UK art historians call for abolition of image fees (ctd.)

November 7 2017

Image of UK art historians call for abolition of image fees (ctd.)

Picture: The Times

The campaign to abolish image reproduction fees for out of copyright paintings, drawings and prints held by UK national collections has moved up a gear. In parliament, Lord Freyberg has tabled the following questions to the Department for Culture Media and Sport:


  • To ask Her Majesty's Government whether National Museums will review their imaging policies in the light of recent calls to abolish image fees for out of copyright paintings, prints and drawings.
  • To ask Her Majesty's Government what assessment they have made of the impact of the charging of image fees for academic use by National Museums on their use in academic lectures and publications.
  • To ask Her Majesty's Government whether National Museums will consider providing open access to images of publicly owned, out of copyright paintings, prints, and drawings so that they are free for the public to reproduce; and whether they have held discussions with non-UK museums about such access.
  • To ask Her Majesty's Government whether they sanction each National Museum's interpretation of image copyright law; and if not, what measures are in place to review whether National Museums are interpreting image copyright law correctly.
  • To ask Her Majesty's Government how much income was raised by each National Museum by licensing images of out of copyright works in the last five years.
  • To ask Her Majesty's Government how National Museums assess whether the image fees they charge for academic use are reasonable; and what representations they have made to academic communities to evaluate their fees.

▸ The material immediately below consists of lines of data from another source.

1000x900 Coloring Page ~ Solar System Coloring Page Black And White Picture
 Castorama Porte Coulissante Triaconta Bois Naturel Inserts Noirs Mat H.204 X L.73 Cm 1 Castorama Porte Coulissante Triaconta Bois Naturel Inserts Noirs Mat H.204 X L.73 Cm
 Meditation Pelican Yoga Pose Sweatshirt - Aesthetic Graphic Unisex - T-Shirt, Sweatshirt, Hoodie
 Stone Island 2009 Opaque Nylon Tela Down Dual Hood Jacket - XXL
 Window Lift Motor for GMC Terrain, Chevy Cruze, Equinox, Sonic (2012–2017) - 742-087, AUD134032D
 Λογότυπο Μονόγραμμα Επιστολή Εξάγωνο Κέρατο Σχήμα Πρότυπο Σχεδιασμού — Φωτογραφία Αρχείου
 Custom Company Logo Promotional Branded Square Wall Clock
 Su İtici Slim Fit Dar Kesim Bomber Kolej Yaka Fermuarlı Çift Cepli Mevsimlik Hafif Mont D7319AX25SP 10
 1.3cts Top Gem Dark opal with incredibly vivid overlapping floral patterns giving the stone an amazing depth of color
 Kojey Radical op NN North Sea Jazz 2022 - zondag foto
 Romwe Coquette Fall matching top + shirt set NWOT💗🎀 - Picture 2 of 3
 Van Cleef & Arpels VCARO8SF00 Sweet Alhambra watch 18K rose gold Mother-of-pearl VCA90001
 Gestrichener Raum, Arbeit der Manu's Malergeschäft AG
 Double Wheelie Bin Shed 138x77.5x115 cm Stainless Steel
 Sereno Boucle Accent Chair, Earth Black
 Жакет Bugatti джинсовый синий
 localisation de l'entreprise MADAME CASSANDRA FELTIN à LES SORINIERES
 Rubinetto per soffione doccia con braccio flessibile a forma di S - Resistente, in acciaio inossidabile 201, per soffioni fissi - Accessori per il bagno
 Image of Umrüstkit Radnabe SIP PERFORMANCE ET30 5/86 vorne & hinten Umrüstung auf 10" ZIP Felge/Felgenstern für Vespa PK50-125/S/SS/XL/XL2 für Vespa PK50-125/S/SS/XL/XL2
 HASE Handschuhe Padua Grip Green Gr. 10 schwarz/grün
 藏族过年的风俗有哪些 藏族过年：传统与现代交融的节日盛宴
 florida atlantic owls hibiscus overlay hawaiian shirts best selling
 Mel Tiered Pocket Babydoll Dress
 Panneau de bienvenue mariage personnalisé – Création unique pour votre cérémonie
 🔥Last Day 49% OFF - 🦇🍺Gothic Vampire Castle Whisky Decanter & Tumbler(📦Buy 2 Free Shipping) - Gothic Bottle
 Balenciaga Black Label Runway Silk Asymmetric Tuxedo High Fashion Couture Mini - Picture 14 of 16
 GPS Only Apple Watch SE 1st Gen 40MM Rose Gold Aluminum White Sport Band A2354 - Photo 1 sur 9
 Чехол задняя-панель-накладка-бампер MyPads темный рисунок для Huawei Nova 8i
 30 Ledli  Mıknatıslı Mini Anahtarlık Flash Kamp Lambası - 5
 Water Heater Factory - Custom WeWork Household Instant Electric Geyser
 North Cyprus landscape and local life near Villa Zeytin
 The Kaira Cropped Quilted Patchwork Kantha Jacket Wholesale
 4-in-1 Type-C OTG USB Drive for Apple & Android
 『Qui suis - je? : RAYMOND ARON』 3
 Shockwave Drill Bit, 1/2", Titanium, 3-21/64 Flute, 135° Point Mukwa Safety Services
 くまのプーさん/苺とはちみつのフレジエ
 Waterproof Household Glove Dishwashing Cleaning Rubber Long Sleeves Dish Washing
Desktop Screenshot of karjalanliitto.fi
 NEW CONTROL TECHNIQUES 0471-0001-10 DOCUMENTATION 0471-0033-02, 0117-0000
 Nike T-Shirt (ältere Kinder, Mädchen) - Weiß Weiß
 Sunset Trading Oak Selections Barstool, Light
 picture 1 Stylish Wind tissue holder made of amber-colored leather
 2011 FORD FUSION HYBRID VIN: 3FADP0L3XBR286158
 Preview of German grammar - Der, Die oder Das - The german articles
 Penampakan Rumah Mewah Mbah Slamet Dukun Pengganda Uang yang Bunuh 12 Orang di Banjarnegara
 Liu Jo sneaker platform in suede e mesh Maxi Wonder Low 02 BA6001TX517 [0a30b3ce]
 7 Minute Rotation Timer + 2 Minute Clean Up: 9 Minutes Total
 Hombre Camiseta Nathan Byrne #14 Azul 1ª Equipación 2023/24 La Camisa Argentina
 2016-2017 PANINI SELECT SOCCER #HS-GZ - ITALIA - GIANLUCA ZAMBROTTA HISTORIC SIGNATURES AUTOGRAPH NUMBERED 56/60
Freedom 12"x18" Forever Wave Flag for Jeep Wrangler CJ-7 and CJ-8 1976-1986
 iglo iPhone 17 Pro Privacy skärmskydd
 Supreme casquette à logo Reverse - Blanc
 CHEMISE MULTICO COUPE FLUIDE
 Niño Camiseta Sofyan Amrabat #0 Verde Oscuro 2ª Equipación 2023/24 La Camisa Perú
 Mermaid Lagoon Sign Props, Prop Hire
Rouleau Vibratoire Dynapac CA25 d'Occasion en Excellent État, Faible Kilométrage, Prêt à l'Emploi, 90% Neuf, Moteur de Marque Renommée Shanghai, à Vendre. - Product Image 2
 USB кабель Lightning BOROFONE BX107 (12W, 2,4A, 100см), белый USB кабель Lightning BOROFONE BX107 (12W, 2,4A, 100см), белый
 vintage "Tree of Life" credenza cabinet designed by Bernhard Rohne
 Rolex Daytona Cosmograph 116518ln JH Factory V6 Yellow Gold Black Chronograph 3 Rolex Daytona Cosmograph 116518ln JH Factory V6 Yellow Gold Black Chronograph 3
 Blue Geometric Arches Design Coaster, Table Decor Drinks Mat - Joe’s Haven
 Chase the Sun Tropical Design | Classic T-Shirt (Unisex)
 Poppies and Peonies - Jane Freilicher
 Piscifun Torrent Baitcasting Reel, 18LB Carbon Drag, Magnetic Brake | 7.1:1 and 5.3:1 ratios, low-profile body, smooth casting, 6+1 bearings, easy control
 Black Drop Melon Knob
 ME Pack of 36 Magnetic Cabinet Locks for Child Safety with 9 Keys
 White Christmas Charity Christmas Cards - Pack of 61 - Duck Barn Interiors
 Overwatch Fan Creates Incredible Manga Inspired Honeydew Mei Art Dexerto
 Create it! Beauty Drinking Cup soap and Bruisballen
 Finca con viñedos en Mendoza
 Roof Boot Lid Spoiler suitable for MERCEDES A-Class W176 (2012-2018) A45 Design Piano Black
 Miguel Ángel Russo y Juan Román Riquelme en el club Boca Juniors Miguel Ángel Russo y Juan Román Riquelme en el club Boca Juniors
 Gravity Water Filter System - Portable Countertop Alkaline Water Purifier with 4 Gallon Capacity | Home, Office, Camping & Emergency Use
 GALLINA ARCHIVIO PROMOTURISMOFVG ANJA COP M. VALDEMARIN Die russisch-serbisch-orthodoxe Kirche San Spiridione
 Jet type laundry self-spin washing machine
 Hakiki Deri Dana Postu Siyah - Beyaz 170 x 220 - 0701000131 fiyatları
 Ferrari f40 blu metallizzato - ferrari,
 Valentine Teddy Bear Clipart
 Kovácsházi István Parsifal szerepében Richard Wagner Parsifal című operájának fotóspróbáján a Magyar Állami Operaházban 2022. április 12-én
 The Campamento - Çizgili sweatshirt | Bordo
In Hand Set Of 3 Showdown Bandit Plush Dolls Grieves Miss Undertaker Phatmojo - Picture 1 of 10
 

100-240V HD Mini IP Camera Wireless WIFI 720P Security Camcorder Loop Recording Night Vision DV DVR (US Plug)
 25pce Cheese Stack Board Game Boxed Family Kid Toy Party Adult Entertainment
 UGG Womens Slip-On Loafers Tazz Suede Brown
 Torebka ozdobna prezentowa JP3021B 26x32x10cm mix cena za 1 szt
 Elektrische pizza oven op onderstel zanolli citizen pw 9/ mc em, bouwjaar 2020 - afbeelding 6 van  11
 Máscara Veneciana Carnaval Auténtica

The first answers should come in within a couple of weeks. It will be particularly interesting to see the government's response on the question of copyright. Although we believe that there are strong moral, educational and public policy reasons to make images free, the question of whether museums are actually entitled to charge for 'licensing' copyright to third parties is crucial to the whole system. If, as I strongly suspect, it turns out that they are not, then museums will be under significant pressure to end charges for out of copyright artworks.

I'll be writing a post about the copyright issue in more detail soon.

Meanwhile, Neil Jeffares has posted his letter to the British Art Journal on image fees, from 13 years ago. It's sad that there has been no movement on the issue from museums, despite the likes of Neil and the BAJ making such a convincing argument for so long.